TASK ITEM: From the line that contains "Youtuber Paromita vlog video collection -126" through the last line of the data, copy everything exactly and nothing else, omitting the pictures.

DATA FOR ANALYSIS below:

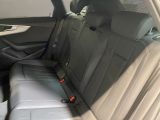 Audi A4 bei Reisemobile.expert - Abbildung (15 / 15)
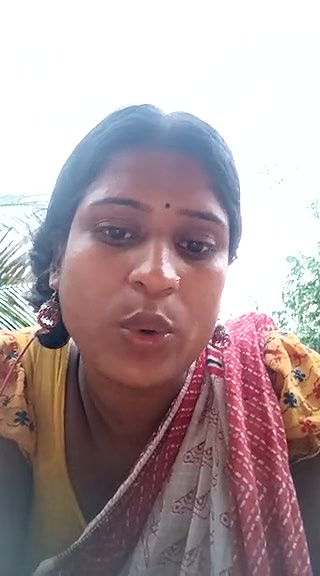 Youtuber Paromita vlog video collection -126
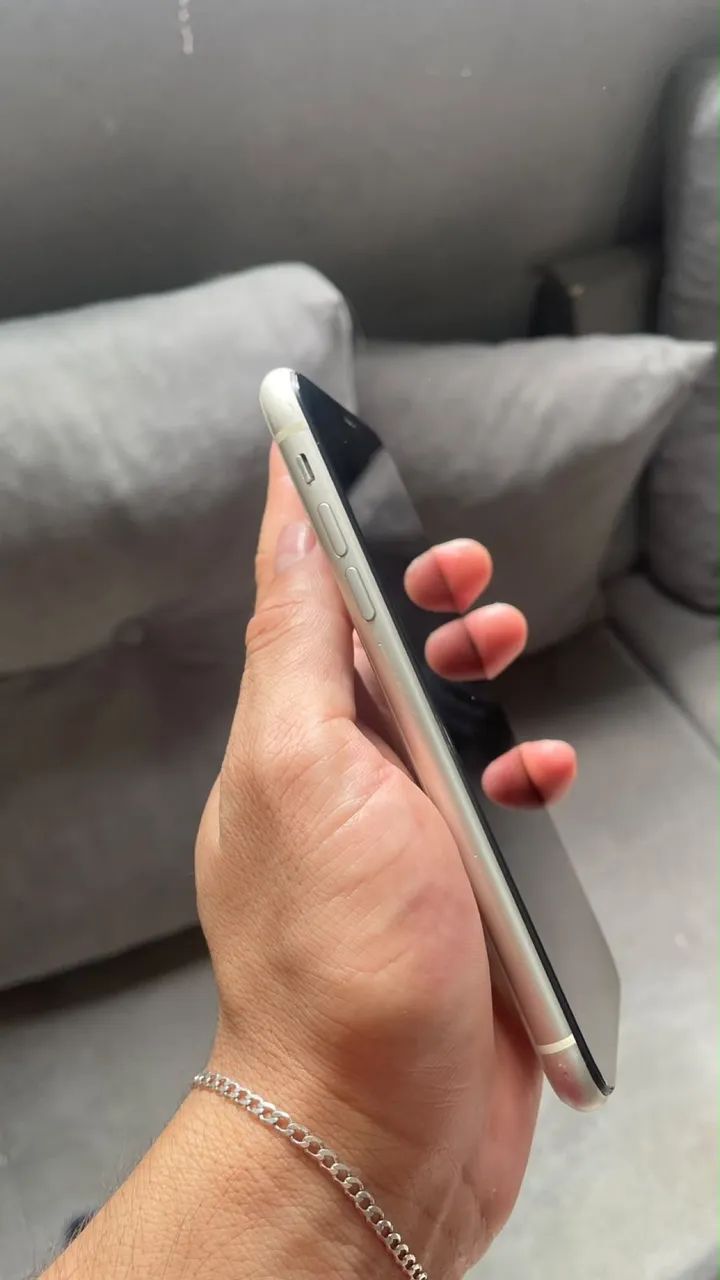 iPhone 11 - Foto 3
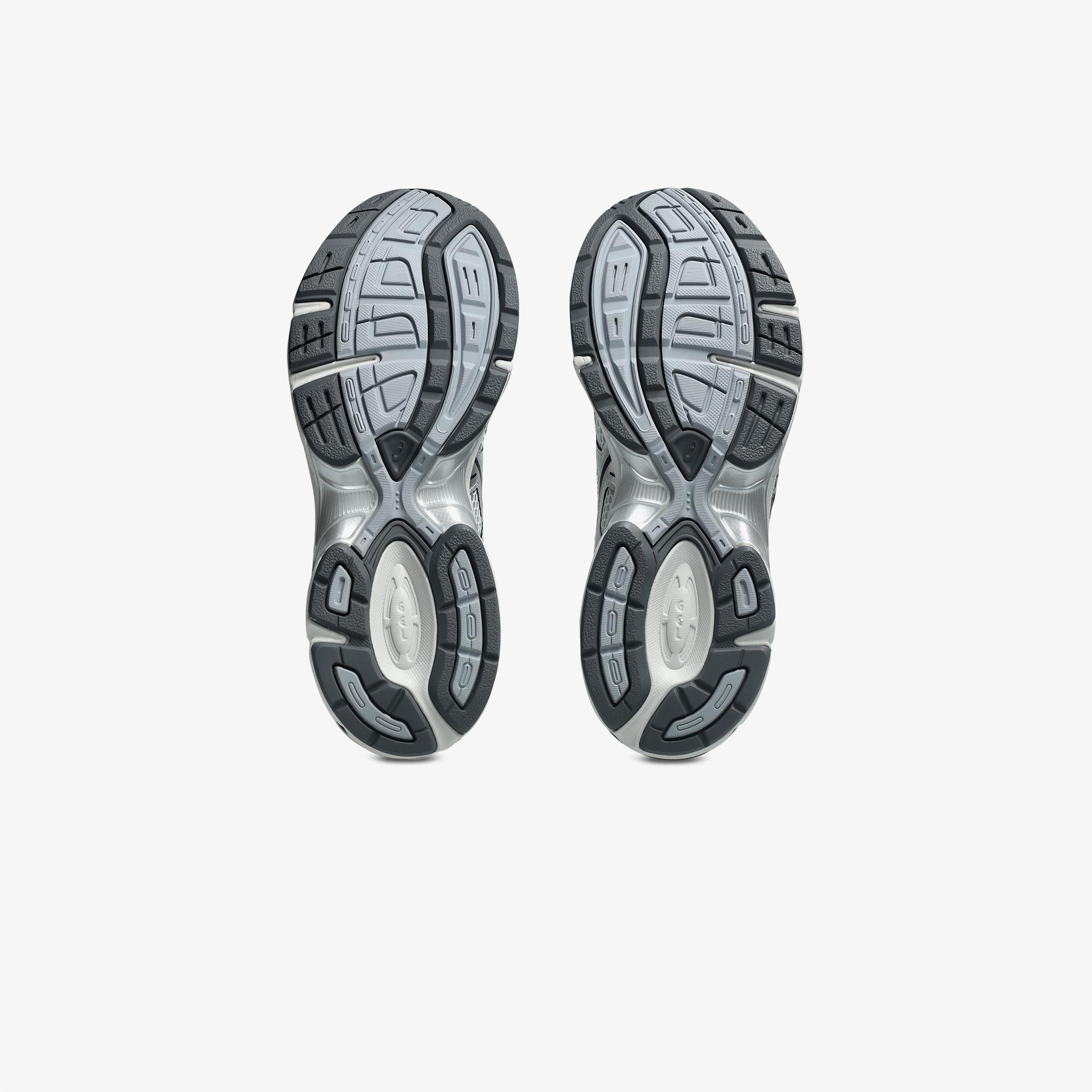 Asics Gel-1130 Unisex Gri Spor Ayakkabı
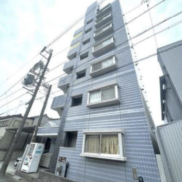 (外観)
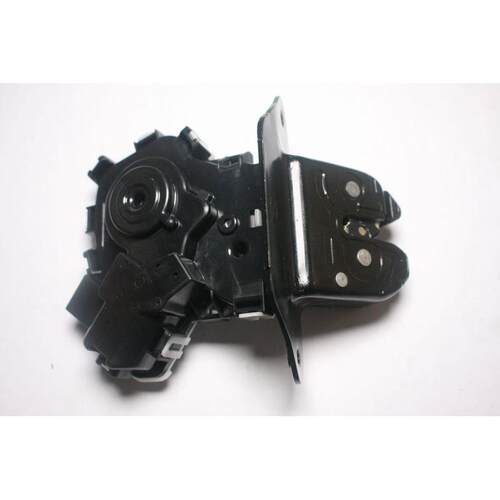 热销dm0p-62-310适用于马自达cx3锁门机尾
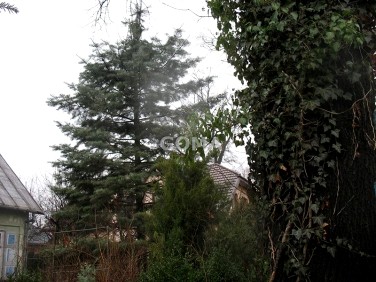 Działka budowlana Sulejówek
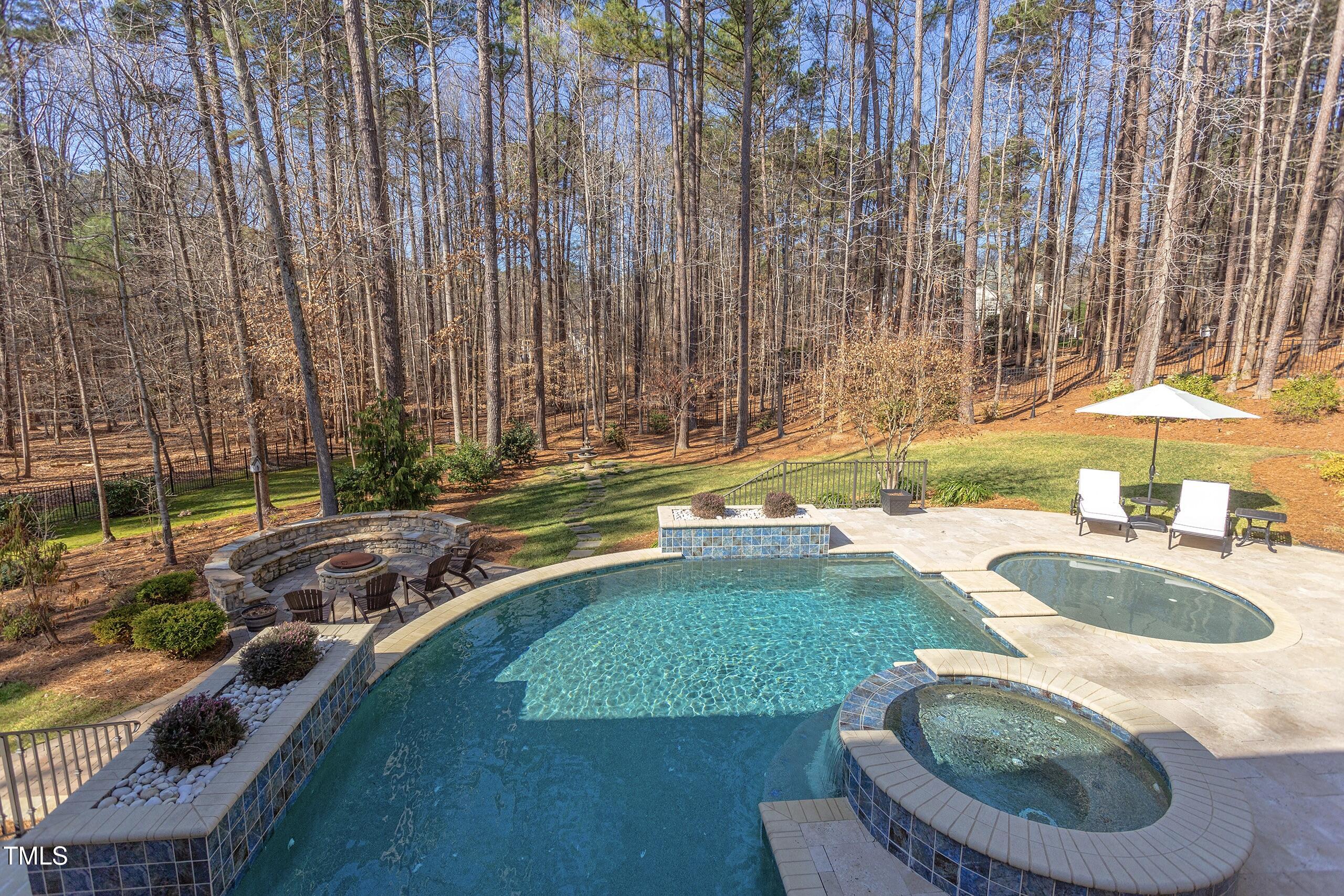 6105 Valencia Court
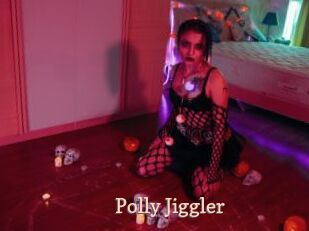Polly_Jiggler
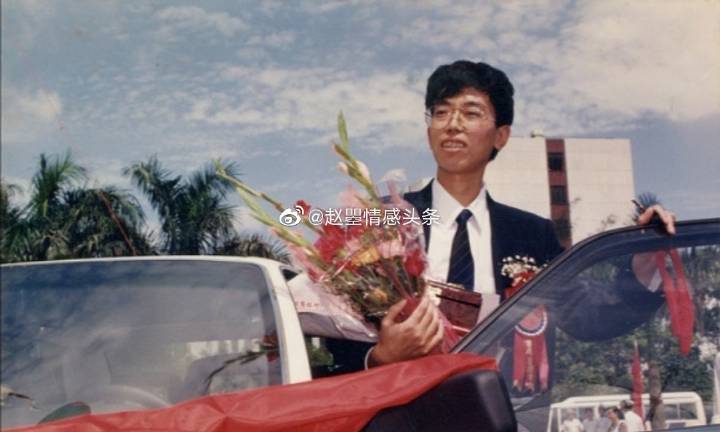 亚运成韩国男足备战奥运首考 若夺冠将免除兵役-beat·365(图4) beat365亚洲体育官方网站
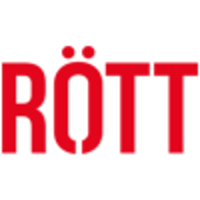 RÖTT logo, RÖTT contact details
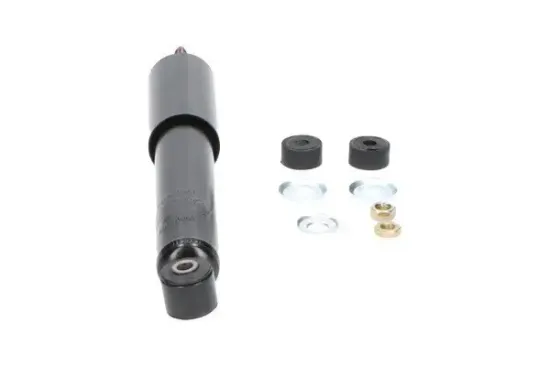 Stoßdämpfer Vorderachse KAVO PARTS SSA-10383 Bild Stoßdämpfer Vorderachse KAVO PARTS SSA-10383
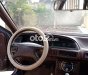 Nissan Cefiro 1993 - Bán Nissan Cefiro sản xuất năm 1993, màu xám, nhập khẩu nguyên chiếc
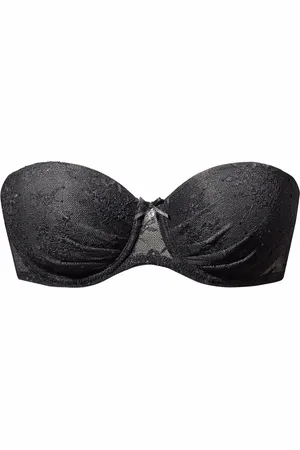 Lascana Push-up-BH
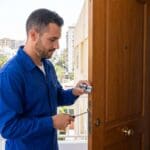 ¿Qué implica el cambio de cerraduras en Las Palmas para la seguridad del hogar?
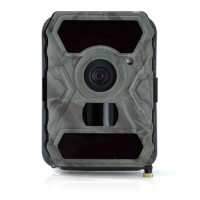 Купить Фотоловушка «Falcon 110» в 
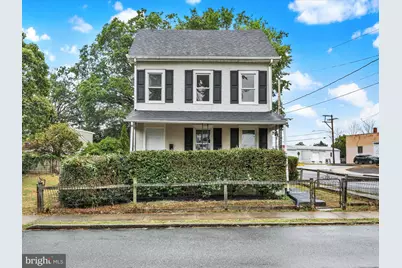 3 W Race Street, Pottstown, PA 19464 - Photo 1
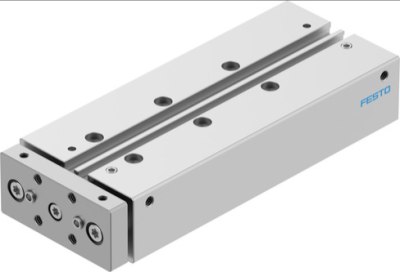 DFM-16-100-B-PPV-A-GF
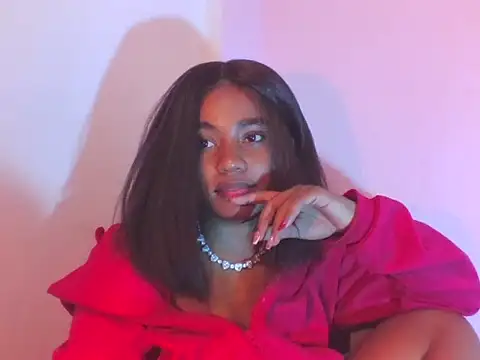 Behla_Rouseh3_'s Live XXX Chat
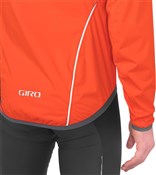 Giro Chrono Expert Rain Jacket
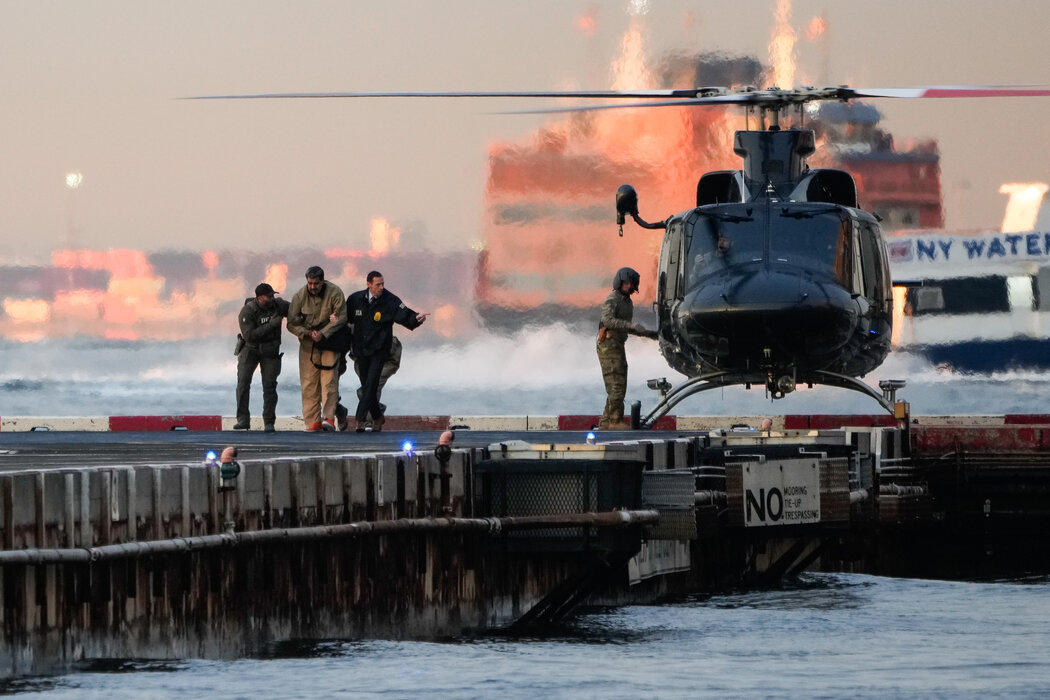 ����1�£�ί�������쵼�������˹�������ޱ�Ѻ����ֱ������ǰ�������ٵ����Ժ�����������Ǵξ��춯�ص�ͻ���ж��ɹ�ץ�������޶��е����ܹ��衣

End of DATA FOR ANALYSIS.

OUTPUT BELOW:
 Youtuber Paromita vlog video collection -126
 iPhone 11 - Foto 3
 Asics Gel-1130 Unisex Gri Spor Ayakkabı
 (外観)
 热销dm0p-62-310适用于马自达cx3锁门机尾
 Działka budowlana Sulejówek
 6105 Valencia Court
Polly_Jiggler
 亚运成韩国男足备战奥运首考 若夺冠将免除兵役-beat·365(图4) beat365亚洲体育官方网站
 RÖTT logo, RÖTT contact details
 Stoßdämpfer Vorderachse KAVO PARTS SSA-10383 Bild Stoßdämpfer Vorderachse KAVO PARTS SSA-10383
 Nissan Cefiro 1993 - Bán Nissan Cefiro sản xuất năm 1993, màu xám, nhập khẩu nguyên chiếc
 Lascana Push-up-BH
 ¿Qué implica el cambio de cerraduras en Las Palmas para la seguridad del hogar?
 Купить Фотоловушка «Falcon 110» в 
 3 W Race Street, Pottstown, PA 19464 - Photo 1
 DFM-16-100-B-PPV-A-GF
 Behla_Rouseh3_'s Live XXX Chat
 Giro Chrono Expert Rain Jacket
 ����1�£�ί�������쵼�������˹�������ޱ�Ѻ����ֱ������ǰ�������ٵ����Ժ�����������Ǵξ��춯�ص�ͻ���ж��ɹ�ץ�������޶��е����ܹ��衣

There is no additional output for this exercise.